Redigé par Karirima A. Ngarambe
Le 23 octobre 2012 à 06:12

L’auteur du livre « Rwanda, 13 mai 1994. Un massacre français ? », Serge Farnel, Journaliste et écrivain qui s’est investi dans le dossier franco-rwandais depuis maintenant dix ans, nous a accordée une interview centrée sur son dernier ouvrage. Il est sorti récemment aux éditions Aviso/L’esprit frappeur. Ce livre raconte les circonstances dans lesquelles eut lieu le terrible massacre des civils Tutsi de Bisesero le 13 mai 1994. Il fait surtout état de la participation active et directe de soldats (...)

L’auteur du livre « Rwanda, 13 mai 1994. Un massacre français ? », Serge Farnel, Journaliste et écrivain qui s’est investi dans le dossier franco-rwandais depuis maintenant dix ans, nous a accordée une interview centrée sur son dernier ouvrage. Il est sorti récemment aux éditions Aviso/L’esprit frappeur. Ce livre raconte les circonstances dans lesquelles eut lieu le terrible massacre des civils Tutsi de Bisesero le 13 mai 1994. Il fait surtout état de la participation active et directe de soldats blancs, français, à ce massacre de masse.

IGIHE : D’ou vient l’envie ou l’idée d’écrire ce livre « Rwanda, 13 mai 1994. Un massacre français ? »

Serge Farnel : C’est plus une obligation qu’une envie ou une idée. C’est même un devoir.

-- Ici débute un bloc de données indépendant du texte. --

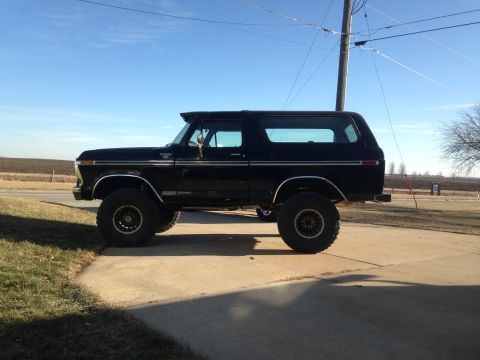 1979 Ford Bronco - This lifted 1978 Ford Bronco is shown from the side, large tires and aftermarket wheels.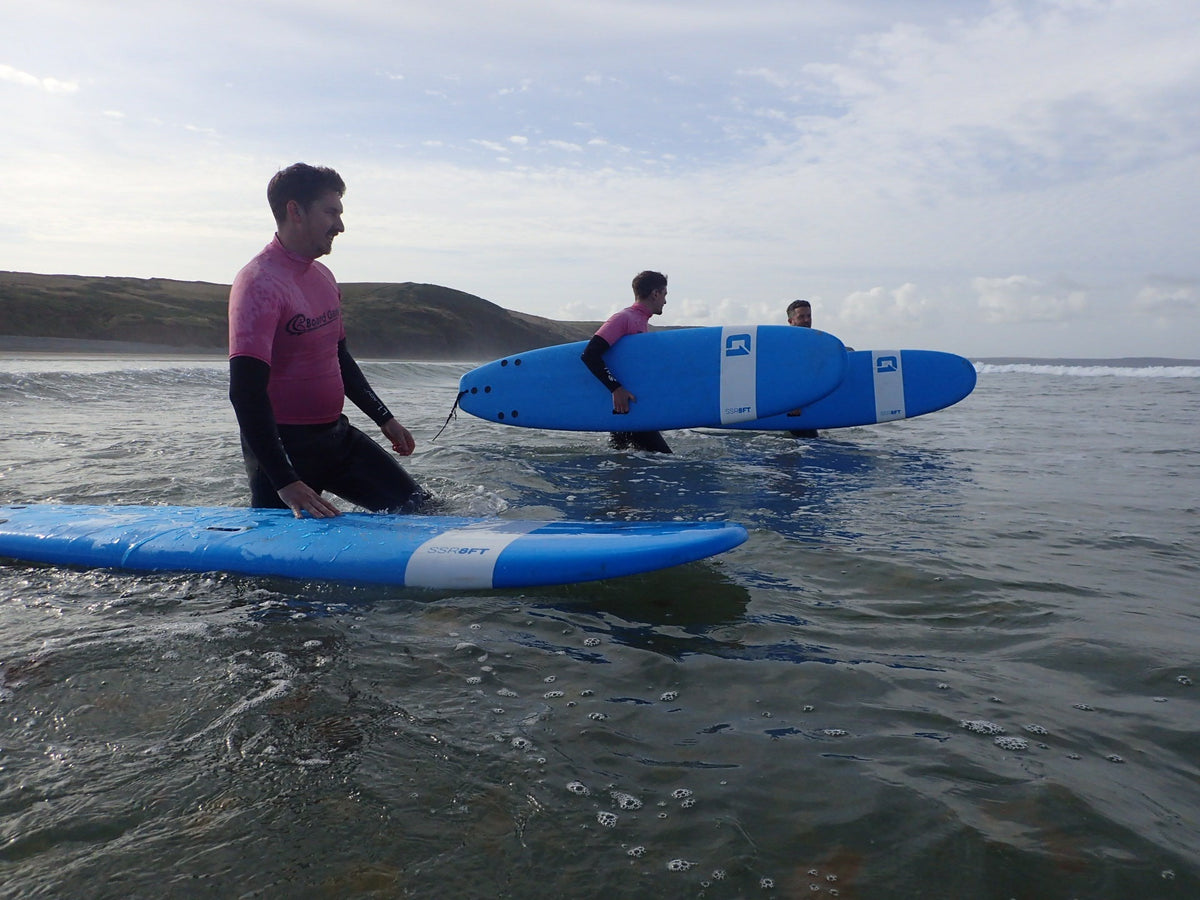 7ft x 25in Beginner Surf School softboard, bright blue with white panels, black leash plugs and rounded nose.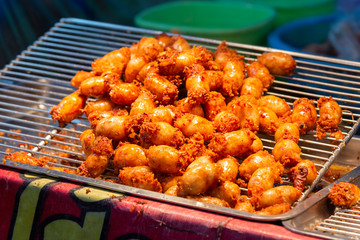 Grilled sausages (pork and rice sausage or Isaan sausage) in street food market. Picture with grain and color from film simulation filter. 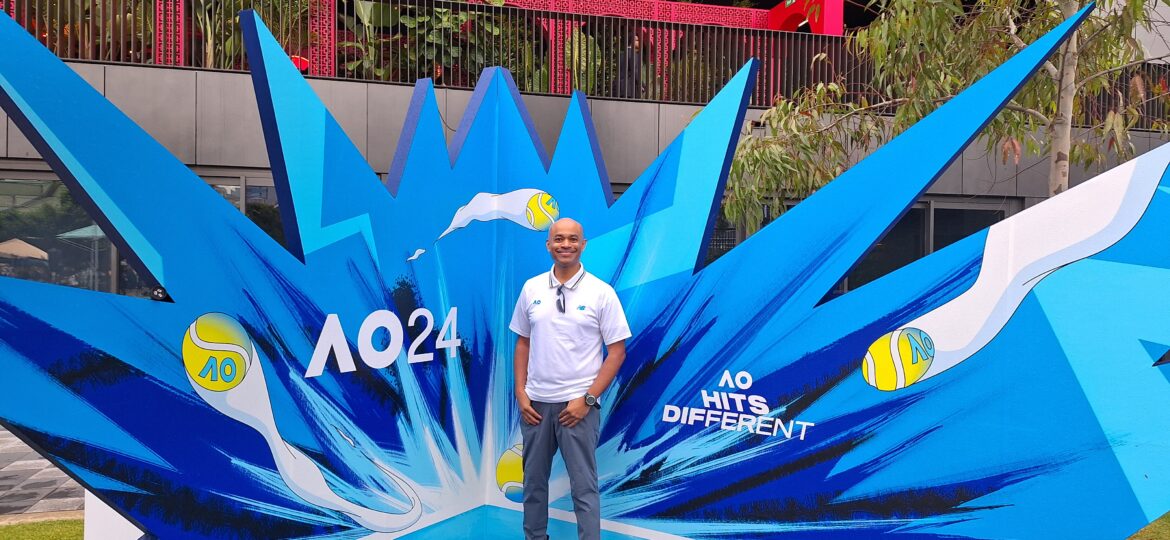Aus Open – Me at the Open (2) a man standing in front of a blue sign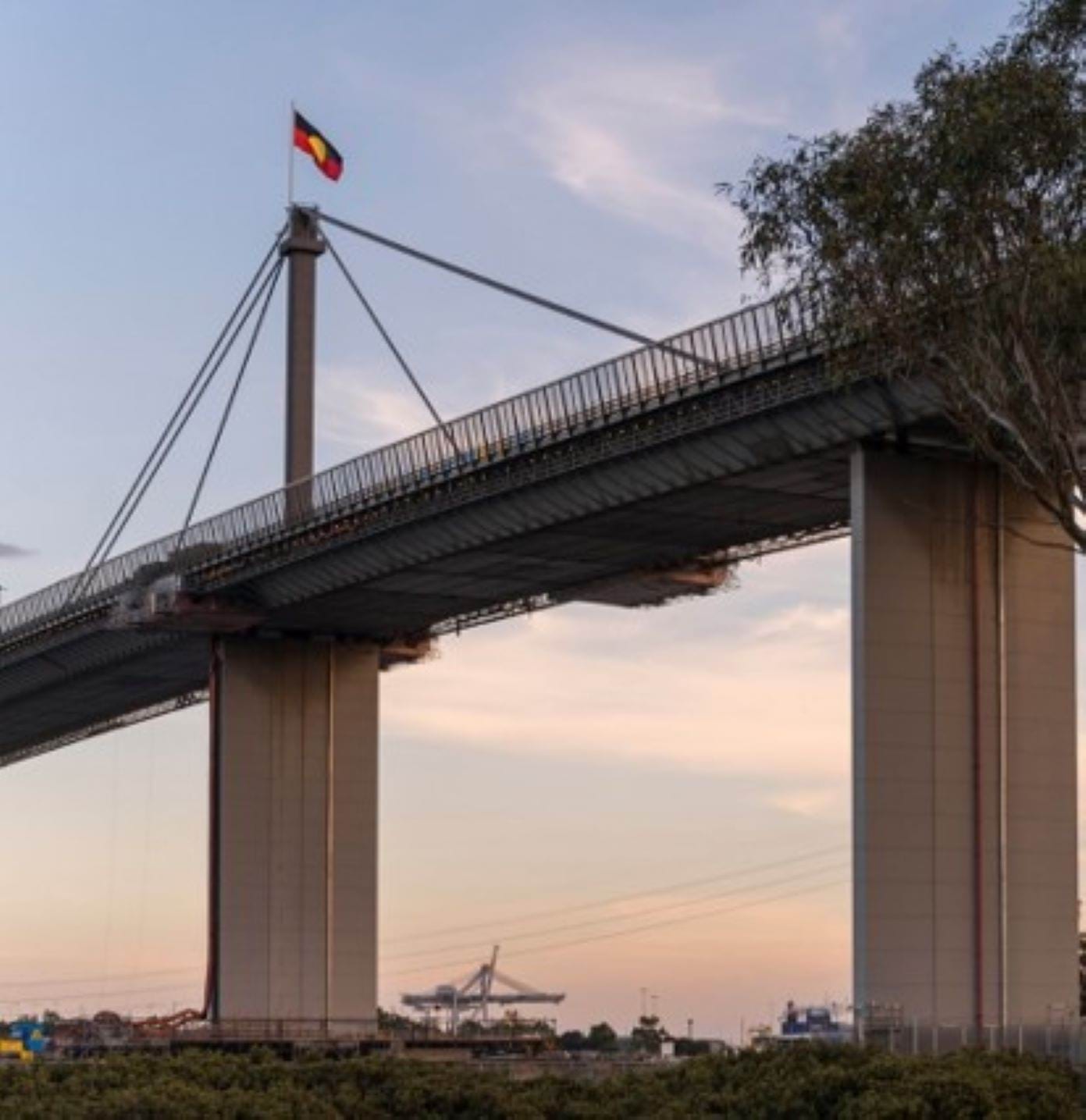 Image of the Aboriginal Flag flying permanently on the West Gate Bridge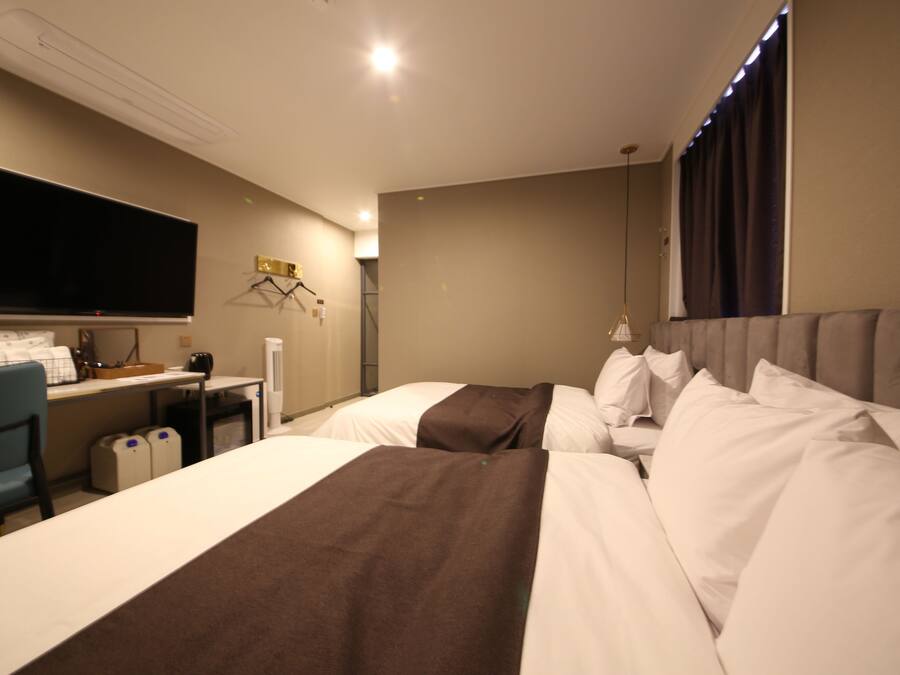 A hotel room with two beds, a desk, a television, and a chair.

Il se trouve qu’en 2009, une rescapée commence par me confier un pan de l’histoire du génocide qui a visé les Tutsi du Rwanda, épisode dont je n’avais jusqu’à présent jamais entendu parler : la présence de soldats blancs à Bisesero, dans l’ouest du Rwanda, le 12 mai 1994. Je rappelle qu’aucun soldat français n’est censé se trouver au Rwanda entre le 15 avril et le 22 juin 1994. Or là, on est en plein génocide et qui plus est la veille du grand massacre de Bisesero. C’est pas rien, convenons-en. Alors de deux choses l’une : soit je garde ça pour moi et je décide d’aller boire un verre devant le lac Kivu et de passer à autre chose, soi je décide de tirer le fil qu’on vient de me tendre. Je dois dire qu’il est au départ plus facile de tirer le fil que de garder ça pour soi. Pourquoi ? D’abord simplement parce que je suis pris d’une forte curiosité. Je veux savoir si j’ai bien compris, si le premier témoin ne fait pas de confusion, de date notamment.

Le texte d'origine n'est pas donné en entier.